I was at the bar last night dancing, puking in a trash can, and ordering another drink all at the same time. Have I lost my dignity?
haha no as long as you did hook up with anybody after that.
... oops
did not feel like going to store to get condoms last night so went to her pantry and got a sandwich bag and a rubberband
did it work?
nope
Tonight, I'm planning on being a bigger trainwreck than Britney Spears circa 2007.
he wanted me to dress up like someone from lord of the rings. I dumped him.
We already established this. No, he did not cum on the dog.
On another note, why did I wake up wrapped in bubble wrap.

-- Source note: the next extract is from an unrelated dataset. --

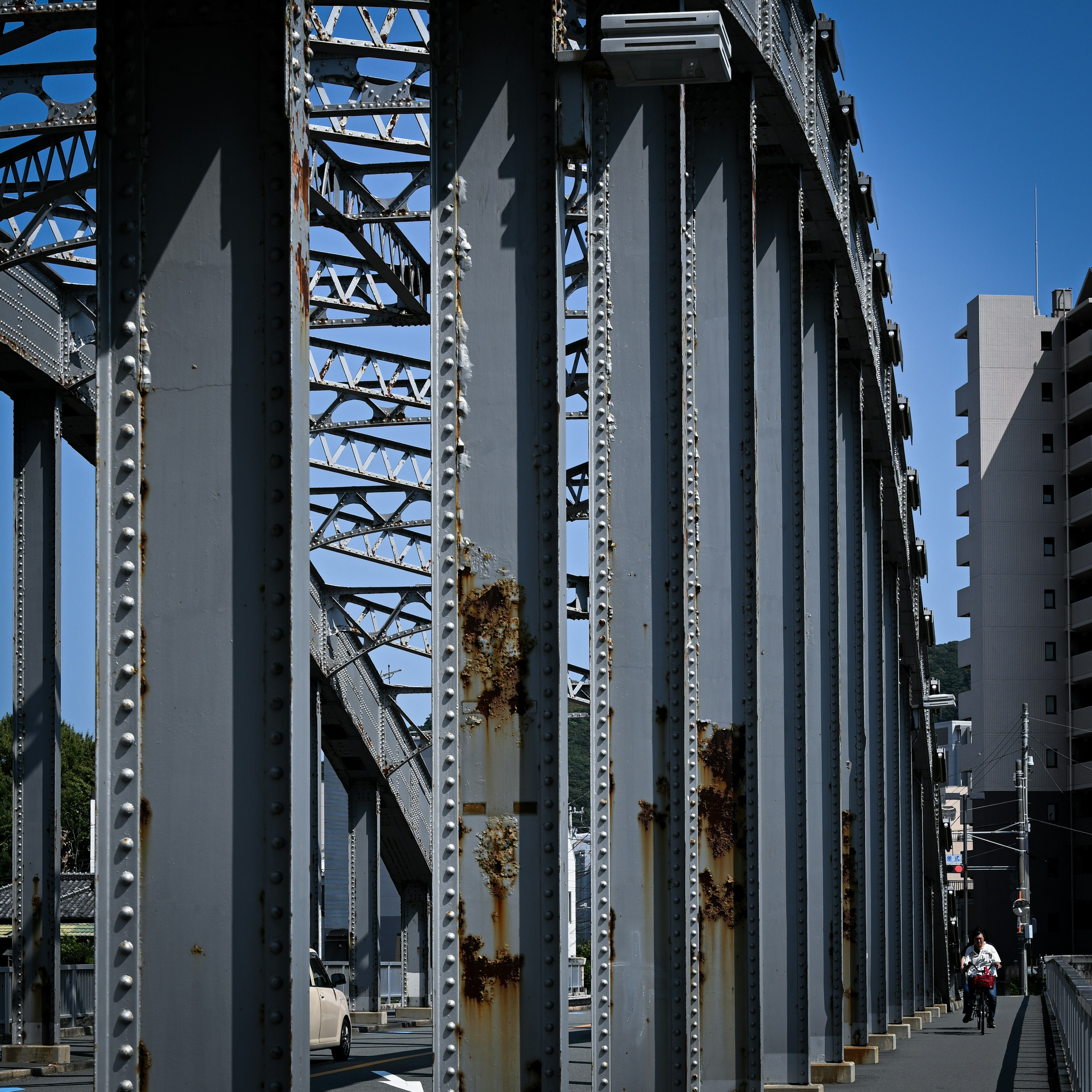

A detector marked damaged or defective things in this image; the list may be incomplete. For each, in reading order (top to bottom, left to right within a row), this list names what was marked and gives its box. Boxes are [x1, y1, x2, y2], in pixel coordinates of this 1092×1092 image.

I can only assume it was for my own safety
My vagina is trying to run away to Boston without me.
Well tech shes born nov 12, but since her head was out on the 11th, she claims both days as her birthday
THIS IS A FLATMATE WARNING! The white powder next to sink is washing powder I spilled and is not meant for human comsumption. I repeat- do not digest, snort or smoke the white powder next to the sink!!!!
I really should have gone with the man who kept offering me cocaine. Why did I chose the German!? STUPID!
This day took a left turn at "This is your going away party, I got a bunch of blow."
Pulling on my sock literally just took me 5 minutes.. The hangover is real
I give all credit to my lucky thong, there's never a time I haven't gotten laid while wearing it
Think I was still drunk when I woke up cause I went and bought a mandolin
if you didn't cry because you couldn't find me and then pee your bed, your wingman status would totally be revoked for leaving me at that party.